In today's grocery stores, discount superstores, and drug/convenience stores, more and more stuff is being packaged in plastic bottles and jugs, from barbecue sauce and washing powder to cat food. The gates of plastic hell have opened wide these past few years.
When it comes to resisting competition from alternative packaging, paper has always been the canvas back kid. Sure, some paper cartons can still be found on refrigerated grocery shelves—soy milk (and other disgusting non-dairy substitutes), coffee creamers, whipping cream, buttermilk, eggnog, egg substitutes, etc. But where it really counts, where the shopper's hand meets the big cold handle, plastic jugs rule supreme across this country.
Fortunately, paper has more or less held its own in frozen food packaging over the years, thanks to ingenious composite materials technology and the fact that it's hard to thaw/heat foods in all-plastic containers without warping them and producing unattractive odors and tastes. Most plastics don't make good cooking utensils.
Other paper products that have continued to do OK against competition include, of course, tissue and toweling. Plastic doesn't have (yet) a product to compete with paper towels and toilet tissue, though who knows what the future might bring. But one determined, dangerous competitor lurking around the AFH (away from home) hand towel market for a half century at least does warrant more careful attention these days.
Electric Tissue
I once did a column on electric hand dryers that used an engineering company's exclusive calculations to show that, on a per-dry-hands basis, paper towels were considerably less costly than electric dryers. That was in the 1970s when the U.S. and most of the western world was suffering a severe energy crisis. For that matter, it appears to be on the threshold of a similar crisis today.
It wasn't even close in the '70s and '80s. Electric hand dryers with high wattage elements and high capacity fans simply were not energy efficient, especially multiplied by several thousand dryings per week per unit. But the technology has evolved recently.

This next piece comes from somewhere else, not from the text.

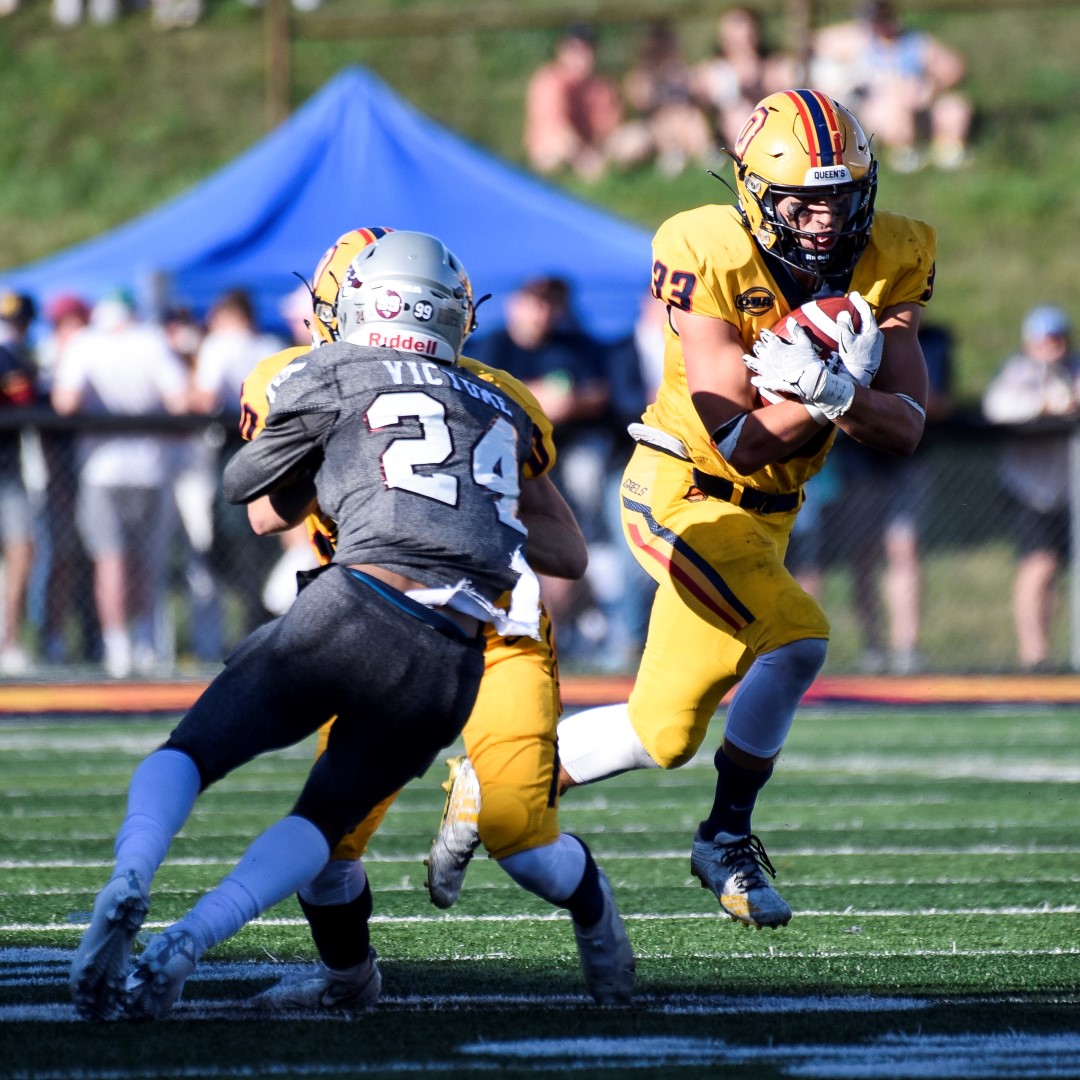 queensgaels's tweet photo. TICKETS 🎫 | Now on sale for the @ouasport Football East Final vs. the Ottawa Gee-Gees!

In fact, reading through literature on some of the newer hand dryers, I was amazed at how far and fast electric hand drying appears to have come in the past four or five years. If you can believe even some of the promotional materials, one unit in particular offers a 90% - 95% direct monthly savings compared with the purchase/shipping costs for paper hand towels, and a per-unit payback of only a couple of months.
To prove it, the manufacturer's website provides a program that will make an interesting (though questionable) comparative calculation based on your actual cost inputs (for tissue products, energy, etc.). I tried the program, using unrealistic cheap towel costs and high KWH energy prices. The dryer won every time, by at least 75%.
Instead of 30 – 45 sec drying sessions, the newer units do it in a total of 10 – 15 sec. Using 15-1mp service, most employ a very high, unheated air blast to blow away 75% or more of the water from a user's hands, followed by only a few seconds of heated air to dry residual moisture. The resulting cost is only a fraction of that with older conventional dryers.
Although much of this promotional hype is very questionable, it's not likely that the canvas back kid will do anything but take another dive as competition heats up. In the meantime, I am seeing a startling number of these new units in big restaurants, public sports arenas/stadiums, hotels, convention centers, etc.
Maybe it's time, this time, to wake up and smell the ozone.